Mutual antagonism of ethylene and jasmonic acid regulates ozone-induced spreading cell death in Arabidopsis

Ethylene (ET) and jasmonic acid (JA) have opposite effects on ozone (O-3)-induced spreading cell death; ET stimulates, and is required for the spreading cell death, whereas JA protects tissues.

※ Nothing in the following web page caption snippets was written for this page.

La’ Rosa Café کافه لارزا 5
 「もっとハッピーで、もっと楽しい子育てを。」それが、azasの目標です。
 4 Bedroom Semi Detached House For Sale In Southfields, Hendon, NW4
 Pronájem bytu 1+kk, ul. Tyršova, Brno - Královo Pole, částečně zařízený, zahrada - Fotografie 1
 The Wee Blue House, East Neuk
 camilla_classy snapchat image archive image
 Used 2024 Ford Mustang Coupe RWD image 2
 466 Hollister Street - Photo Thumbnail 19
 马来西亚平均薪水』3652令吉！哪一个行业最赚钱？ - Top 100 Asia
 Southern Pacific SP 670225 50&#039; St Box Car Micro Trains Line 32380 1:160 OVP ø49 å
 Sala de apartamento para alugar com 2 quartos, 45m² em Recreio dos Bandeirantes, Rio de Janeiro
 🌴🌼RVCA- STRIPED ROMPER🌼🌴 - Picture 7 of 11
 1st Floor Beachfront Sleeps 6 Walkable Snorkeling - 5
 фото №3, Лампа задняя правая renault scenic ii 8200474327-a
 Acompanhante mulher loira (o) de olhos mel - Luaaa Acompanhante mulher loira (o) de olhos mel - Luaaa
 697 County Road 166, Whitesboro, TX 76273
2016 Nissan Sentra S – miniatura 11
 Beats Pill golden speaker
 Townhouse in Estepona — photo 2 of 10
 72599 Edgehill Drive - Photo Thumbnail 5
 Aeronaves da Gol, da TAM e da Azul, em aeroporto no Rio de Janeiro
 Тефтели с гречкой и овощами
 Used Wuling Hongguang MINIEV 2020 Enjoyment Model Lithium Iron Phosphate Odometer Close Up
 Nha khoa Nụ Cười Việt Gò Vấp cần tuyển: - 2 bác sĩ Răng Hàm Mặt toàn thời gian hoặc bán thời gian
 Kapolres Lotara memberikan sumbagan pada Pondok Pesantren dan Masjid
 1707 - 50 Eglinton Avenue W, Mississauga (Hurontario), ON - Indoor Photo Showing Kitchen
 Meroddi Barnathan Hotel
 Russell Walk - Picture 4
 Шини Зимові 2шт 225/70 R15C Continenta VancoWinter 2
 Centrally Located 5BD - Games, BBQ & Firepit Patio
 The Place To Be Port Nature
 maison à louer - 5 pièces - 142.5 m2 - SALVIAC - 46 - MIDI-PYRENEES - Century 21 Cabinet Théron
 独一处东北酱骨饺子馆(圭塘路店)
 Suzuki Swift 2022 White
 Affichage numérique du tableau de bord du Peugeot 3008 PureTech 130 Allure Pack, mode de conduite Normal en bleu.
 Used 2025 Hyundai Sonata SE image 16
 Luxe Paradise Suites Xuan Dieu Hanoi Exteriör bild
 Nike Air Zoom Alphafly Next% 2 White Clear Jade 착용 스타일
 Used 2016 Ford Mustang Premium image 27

We studied the underlying molecular mechanisms with the O-3-sensitive, JA-insensitive jasmonate resistant 1 (jar1), and the O-3-tolerant, ET-insensitive ethylene insensitive 2 (ein2) mutants. Blocking ET perception pharmacologically with norbornadiene (NBD) in jar1, or ET signaling genetically in the jar1 ein2 double mutant prevented the spread of cell death. This suggests that EIN2 function is epistatic to JAR1, and that the JAR1-dependent JA pathway halts oxidative cell death by directly inhibiting ET signaling. JAR1-dependent suppression of the ET pathway was apparent also as increased EIN2-dependent gene expression and ET hypersensitivity of jar1. Physiological experiments suggested that the target of JA is upstream of Constitutive Triple Response 1 (CTR1), but downstream of ET biosynthesis. Gene expression analysis of 1-aminocyclopropane-1-carboxylic acid (ACC)-treated and O-3-exposed ein2 and jar1 revealed reciprocal antagonism: the EIN2-mediated suppression of the JA pathway. The results imply that the O-3-induced spreading cell death is stimulated by early, rapid accumulation of ET, which can suppress the protecting function of JA thereby allowing cell death to proceed. Extended spreading cell death induces late accumulation of JA, which inhibits the propagation of cell death through inhibition of the ET pathway.